● SOURCE DATA:
..............................
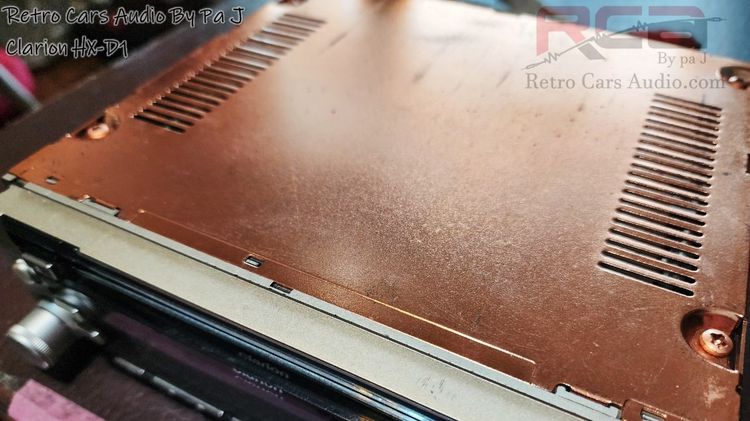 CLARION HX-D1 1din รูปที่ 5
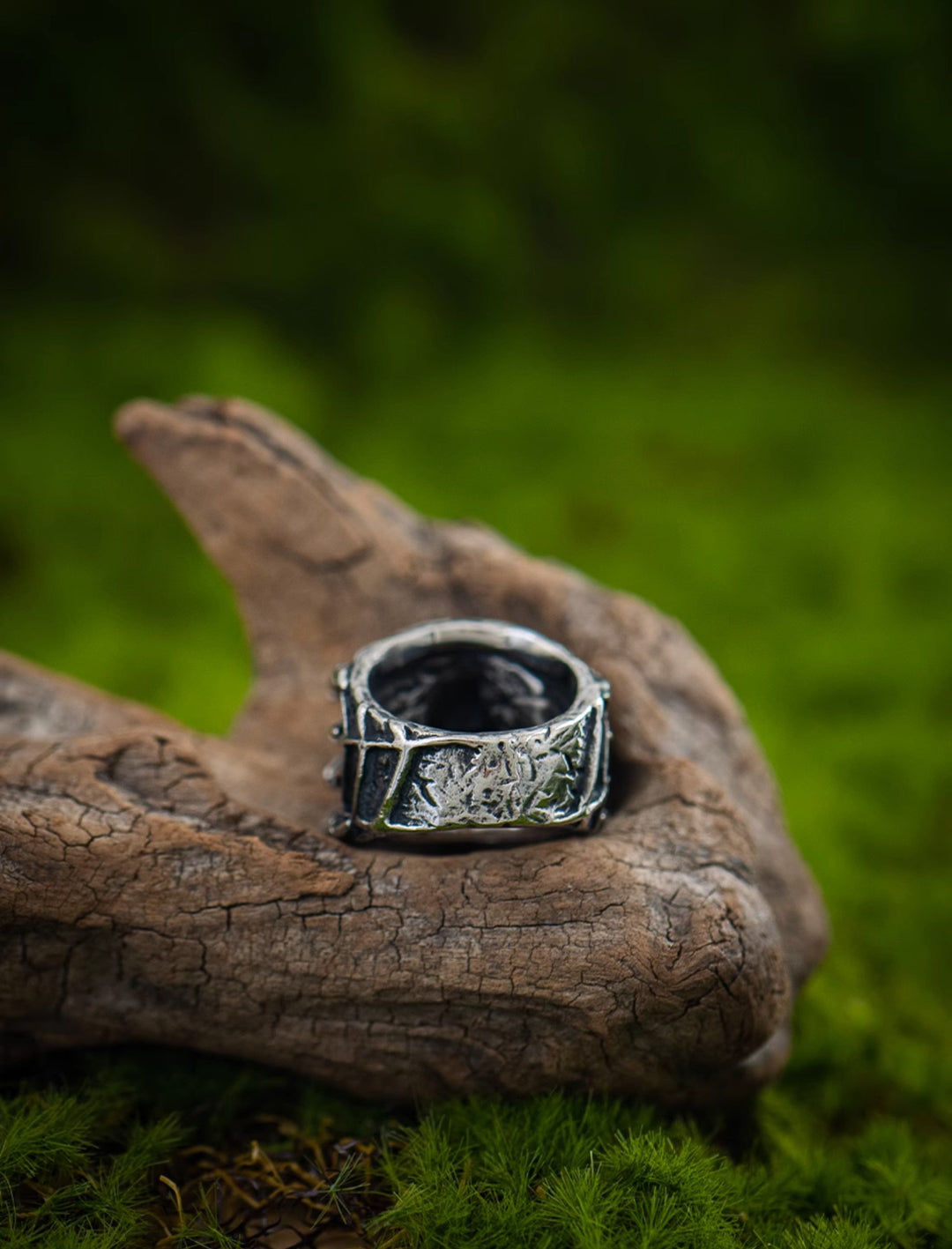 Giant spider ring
..............................
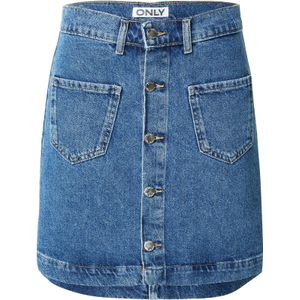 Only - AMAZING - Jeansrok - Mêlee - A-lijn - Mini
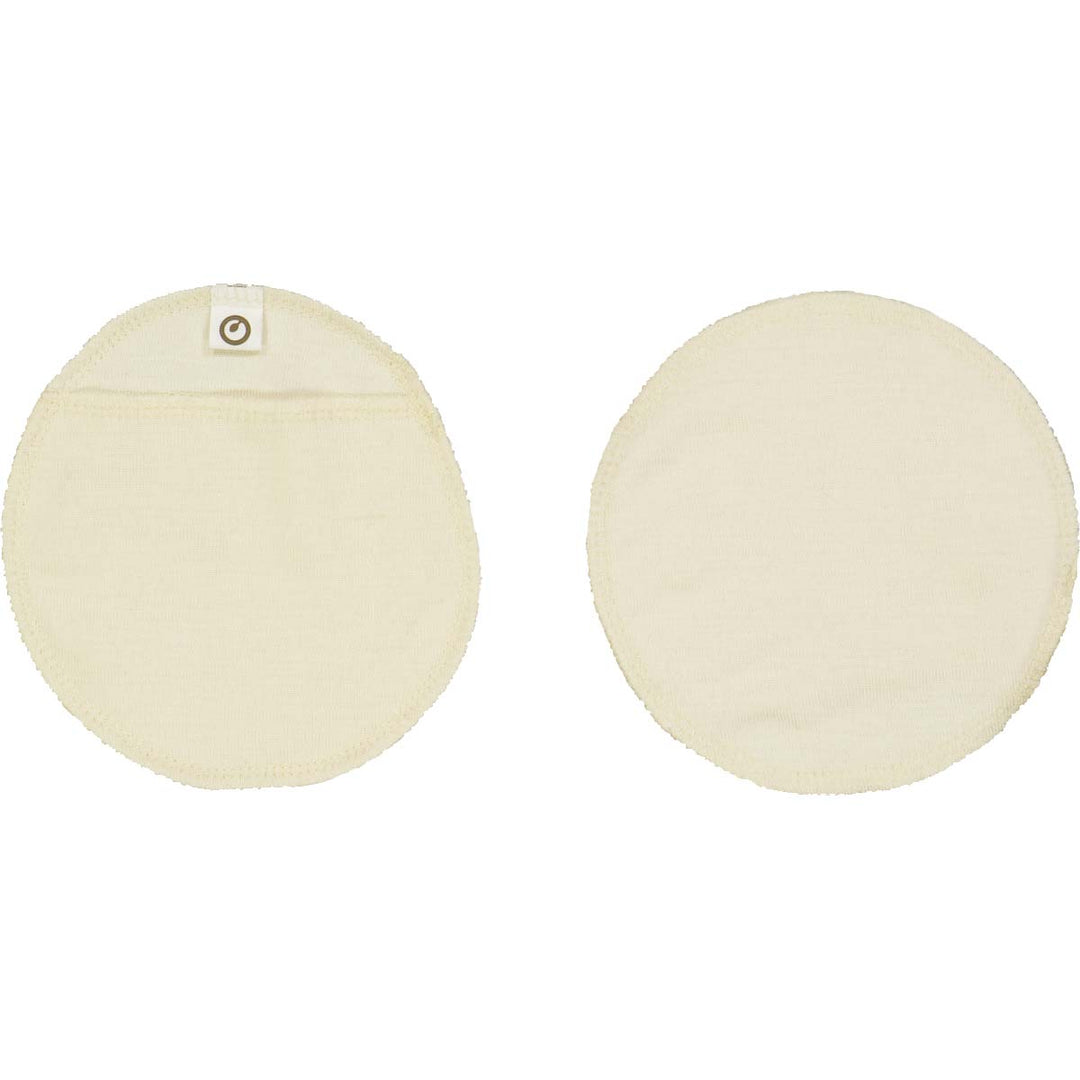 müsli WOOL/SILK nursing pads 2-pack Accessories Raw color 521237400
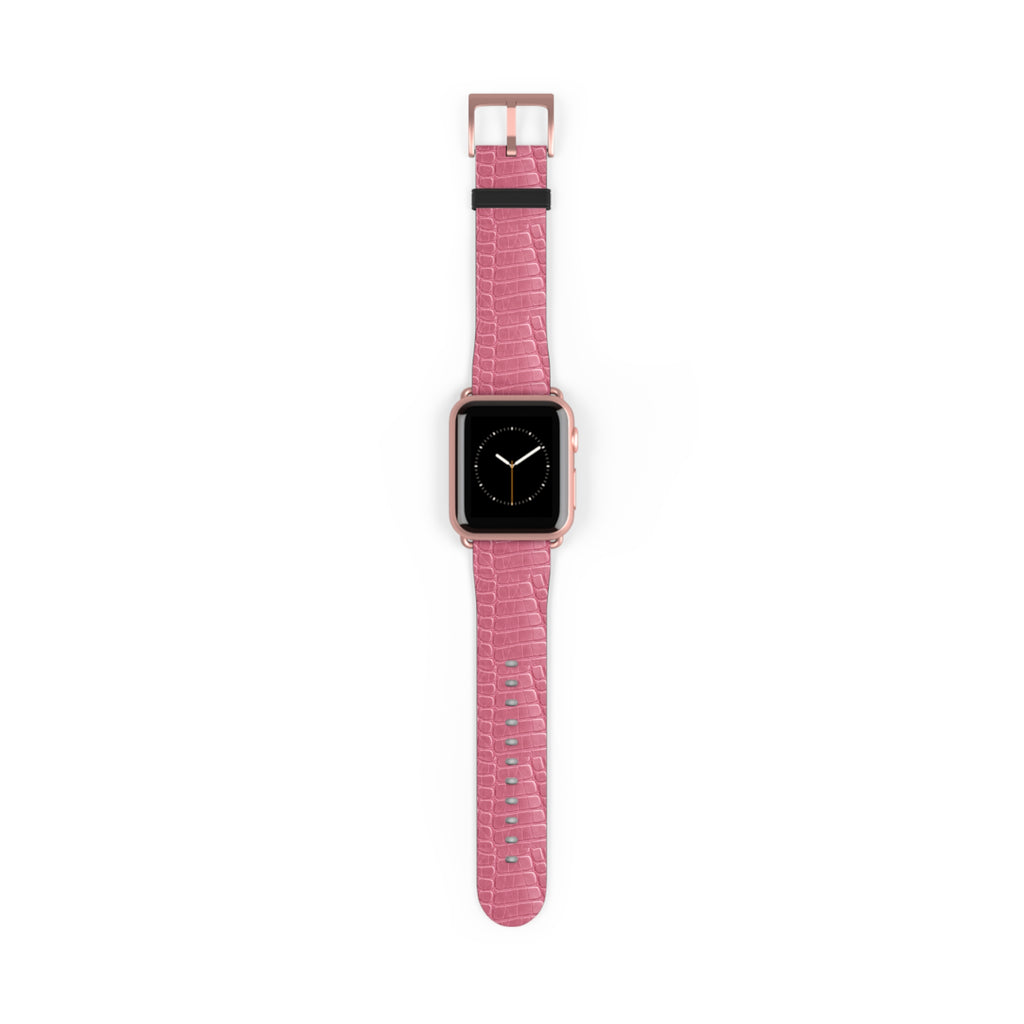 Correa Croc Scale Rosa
..............................
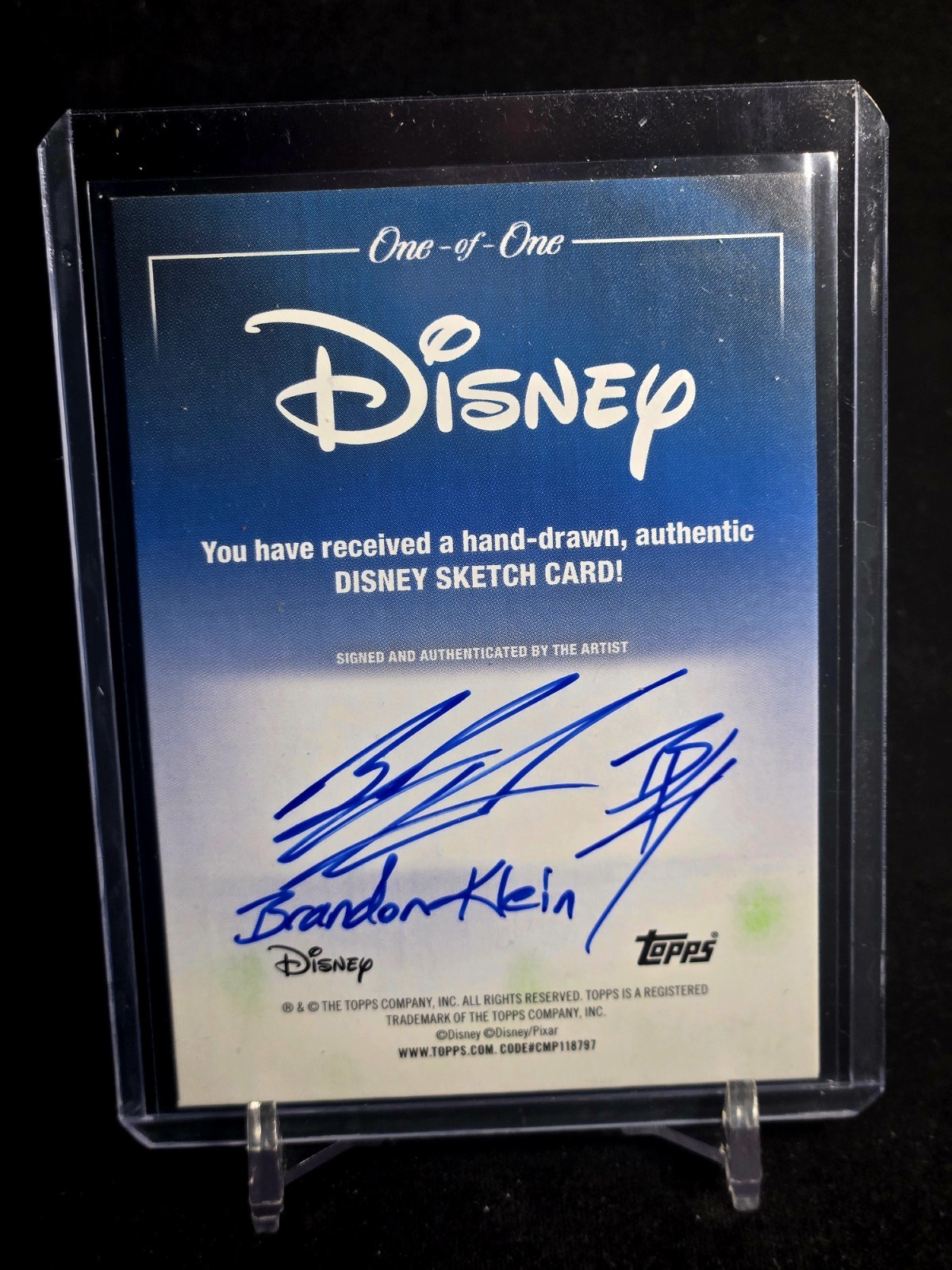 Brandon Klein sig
..............................
To complete this exercise, transcribe exactly the lines above from the one that holds "müsli WOOL/SILK nursing" through the one that holds "Correa Croc Scale Rosa". Pictures stay out.

 müsli WOOL/SILK nursing pads 2-pack Accessories Raw color 521237400
 Correa Croc Scale Rosa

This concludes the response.